Below are some records. Print exactly the lines between the one holding "Samsung Galaxy A05" and the one holding "Kimi & Kai Women's", inclusive, and nothing else.

▶ [Listed records]
*** Block opens ***

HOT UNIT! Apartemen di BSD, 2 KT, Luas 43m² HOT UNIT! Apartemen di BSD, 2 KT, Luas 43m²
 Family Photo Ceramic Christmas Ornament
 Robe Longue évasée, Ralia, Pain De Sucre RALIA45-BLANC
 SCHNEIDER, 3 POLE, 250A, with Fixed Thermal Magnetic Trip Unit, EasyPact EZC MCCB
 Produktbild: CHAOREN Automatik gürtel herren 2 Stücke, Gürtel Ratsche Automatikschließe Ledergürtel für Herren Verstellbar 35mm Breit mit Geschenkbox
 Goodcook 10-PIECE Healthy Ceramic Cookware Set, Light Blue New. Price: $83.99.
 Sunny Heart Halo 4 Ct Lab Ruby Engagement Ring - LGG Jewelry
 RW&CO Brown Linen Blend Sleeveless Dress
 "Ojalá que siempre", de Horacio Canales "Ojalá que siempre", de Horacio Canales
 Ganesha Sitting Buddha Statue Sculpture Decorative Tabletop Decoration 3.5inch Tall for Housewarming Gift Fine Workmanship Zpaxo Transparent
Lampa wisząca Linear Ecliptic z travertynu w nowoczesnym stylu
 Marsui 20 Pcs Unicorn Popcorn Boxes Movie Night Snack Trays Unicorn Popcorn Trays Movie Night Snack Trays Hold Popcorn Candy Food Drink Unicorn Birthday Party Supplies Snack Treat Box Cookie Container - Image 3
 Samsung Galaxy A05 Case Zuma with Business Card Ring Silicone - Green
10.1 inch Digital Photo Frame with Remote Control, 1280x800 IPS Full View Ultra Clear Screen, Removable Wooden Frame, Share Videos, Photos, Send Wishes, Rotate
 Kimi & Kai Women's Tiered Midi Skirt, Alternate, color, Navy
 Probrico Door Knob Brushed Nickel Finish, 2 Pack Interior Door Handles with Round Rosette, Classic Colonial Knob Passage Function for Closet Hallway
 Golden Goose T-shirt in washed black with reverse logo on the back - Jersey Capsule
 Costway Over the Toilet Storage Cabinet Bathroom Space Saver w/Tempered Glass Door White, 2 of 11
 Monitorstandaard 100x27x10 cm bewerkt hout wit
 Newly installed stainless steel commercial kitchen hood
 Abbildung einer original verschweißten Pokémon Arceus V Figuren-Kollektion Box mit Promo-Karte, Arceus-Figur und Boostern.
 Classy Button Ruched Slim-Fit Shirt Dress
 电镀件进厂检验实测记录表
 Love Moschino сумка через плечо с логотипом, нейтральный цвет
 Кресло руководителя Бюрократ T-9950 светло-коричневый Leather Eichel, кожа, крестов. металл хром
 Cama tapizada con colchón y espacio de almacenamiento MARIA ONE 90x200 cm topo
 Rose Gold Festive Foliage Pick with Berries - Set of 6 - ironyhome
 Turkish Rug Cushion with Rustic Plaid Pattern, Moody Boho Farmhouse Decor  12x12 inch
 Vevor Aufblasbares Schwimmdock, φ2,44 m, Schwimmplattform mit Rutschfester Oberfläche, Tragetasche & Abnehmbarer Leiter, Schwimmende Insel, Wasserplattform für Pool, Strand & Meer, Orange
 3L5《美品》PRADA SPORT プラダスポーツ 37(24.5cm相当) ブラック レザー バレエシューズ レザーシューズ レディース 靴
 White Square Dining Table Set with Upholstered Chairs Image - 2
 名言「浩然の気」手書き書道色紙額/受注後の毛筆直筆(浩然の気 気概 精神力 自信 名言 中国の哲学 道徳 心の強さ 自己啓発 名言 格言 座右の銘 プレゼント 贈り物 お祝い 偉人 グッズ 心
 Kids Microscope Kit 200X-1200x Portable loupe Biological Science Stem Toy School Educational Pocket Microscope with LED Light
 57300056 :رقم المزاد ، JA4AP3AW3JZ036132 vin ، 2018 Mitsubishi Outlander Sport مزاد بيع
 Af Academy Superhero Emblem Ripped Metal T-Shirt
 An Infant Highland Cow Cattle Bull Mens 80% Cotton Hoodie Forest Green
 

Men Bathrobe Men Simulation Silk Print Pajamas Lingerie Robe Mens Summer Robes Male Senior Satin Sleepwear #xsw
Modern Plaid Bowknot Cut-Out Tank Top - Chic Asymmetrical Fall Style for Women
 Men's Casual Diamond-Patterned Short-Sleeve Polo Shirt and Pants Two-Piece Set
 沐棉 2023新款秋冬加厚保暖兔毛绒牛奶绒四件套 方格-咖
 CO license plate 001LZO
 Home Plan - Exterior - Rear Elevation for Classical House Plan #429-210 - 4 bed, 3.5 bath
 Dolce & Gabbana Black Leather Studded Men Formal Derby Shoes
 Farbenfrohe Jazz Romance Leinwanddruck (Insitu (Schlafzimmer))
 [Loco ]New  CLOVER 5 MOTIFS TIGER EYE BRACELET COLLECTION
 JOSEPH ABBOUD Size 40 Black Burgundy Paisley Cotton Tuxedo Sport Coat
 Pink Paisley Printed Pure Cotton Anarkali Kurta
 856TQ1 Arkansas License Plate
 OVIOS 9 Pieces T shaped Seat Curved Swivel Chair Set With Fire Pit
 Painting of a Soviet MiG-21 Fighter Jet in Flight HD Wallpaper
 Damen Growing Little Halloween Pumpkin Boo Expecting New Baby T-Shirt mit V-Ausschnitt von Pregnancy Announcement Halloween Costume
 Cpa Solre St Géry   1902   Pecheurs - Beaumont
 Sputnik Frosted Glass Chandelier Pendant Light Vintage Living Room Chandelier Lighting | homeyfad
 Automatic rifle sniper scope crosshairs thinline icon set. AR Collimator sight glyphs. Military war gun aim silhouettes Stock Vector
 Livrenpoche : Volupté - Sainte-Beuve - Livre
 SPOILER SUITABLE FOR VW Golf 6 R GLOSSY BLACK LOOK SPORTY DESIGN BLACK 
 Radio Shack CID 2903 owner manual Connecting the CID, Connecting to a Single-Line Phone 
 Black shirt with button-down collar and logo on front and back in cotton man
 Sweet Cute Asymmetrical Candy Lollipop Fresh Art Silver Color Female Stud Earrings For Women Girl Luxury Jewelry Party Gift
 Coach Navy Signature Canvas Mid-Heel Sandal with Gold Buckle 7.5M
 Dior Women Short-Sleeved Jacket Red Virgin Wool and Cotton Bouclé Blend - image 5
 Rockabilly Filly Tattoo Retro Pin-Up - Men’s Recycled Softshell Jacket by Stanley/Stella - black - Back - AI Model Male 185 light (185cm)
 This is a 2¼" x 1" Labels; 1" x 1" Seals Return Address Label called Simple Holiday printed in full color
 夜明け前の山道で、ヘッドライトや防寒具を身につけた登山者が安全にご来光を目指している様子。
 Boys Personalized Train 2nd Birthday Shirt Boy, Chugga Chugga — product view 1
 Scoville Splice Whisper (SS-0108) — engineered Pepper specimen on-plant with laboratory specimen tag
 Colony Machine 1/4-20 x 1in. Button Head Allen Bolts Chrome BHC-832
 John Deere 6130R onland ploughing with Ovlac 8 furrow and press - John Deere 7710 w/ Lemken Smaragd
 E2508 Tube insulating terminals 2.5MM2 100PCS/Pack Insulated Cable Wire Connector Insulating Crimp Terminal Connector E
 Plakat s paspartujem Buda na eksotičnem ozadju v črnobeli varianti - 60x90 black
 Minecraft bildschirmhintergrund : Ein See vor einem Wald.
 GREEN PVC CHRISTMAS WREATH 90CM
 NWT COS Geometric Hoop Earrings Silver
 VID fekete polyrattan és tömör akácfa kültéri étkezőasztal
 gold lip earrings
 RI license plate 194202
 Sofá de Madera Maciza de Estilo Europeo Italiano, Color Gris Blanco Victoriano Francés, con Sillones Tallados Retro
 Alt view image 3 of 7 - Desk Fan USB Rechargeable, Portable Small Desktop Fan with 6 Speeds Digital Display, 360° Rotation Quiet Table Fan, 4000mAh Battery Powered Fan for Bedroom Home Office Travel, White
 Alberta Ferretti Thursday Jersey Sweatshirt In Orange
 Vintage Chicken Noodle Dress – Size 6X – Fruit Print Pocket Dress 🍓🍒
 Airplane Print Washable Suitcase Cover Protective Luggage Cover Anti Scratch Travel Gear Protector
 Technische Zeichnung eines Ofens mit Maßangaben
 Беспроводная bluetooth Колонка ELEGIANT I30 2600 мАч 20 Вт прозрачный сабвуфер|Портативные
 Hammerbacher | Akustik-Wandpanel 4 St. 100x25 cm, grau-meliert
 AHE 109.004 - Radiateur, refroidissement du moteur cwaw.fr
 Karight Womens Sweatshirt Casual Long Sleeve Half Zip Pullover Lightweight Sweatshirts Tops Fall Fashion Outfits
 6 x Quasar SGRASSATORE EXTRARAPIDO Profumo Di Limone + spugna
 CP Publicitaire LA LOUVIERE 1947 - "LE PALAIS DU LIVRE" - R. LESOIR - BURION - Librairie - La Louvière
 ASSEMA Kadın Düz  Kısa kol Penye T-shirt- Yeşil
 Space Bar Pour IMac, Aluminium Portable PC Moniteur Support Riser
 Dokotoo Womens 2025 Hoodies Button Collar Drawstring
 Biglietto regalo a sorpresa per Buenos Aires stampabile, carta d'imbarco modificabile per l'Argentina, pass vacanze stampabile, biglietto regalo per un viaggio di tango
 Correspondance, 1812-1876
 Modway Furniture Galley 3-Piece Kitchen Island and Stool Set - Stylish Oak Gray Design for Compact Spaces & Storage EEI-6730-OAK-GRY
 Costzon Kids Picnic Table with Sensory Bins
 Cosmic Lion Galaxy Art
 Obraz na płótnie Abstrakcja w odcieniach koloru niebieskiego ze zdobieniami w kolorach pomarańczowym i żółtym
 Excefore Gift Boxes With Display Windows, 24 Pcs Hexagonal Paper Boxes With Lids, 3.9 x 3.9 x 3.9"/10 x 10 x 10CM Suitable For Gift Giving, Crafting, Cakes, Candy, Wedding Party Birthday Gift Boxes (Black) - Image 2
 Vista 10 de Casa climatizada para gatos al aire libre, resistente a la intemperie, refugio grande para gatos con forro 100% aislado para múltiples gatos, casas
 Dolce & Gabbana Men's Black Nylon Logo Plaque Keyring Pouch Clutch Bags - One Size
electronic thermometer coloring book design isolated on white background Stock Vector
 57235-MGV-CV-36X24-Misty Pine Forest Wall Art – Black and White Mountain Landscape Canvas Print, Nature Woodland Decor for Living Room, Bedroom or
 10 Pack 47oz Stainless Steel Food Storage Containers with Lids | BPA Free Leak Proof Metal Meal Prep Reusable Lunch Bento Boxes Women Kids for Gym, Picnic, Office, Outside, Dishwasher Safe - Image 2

*** Block closes ***

▶ [Answer to this problem]
 Samsung Galaxy A05 Case Zuma with Business Card Ring Silicone - Green
10.1 inch Digital Photo Frame with Remote Control, 1280x800 IPS Full View Ultra Clear Screen, Removable Wooden Frame, Share Videos, Photos, Send Wishes, Rotate
 Kimi & Kai Women's Tiered Midi Skirt, Alternate, color, Navy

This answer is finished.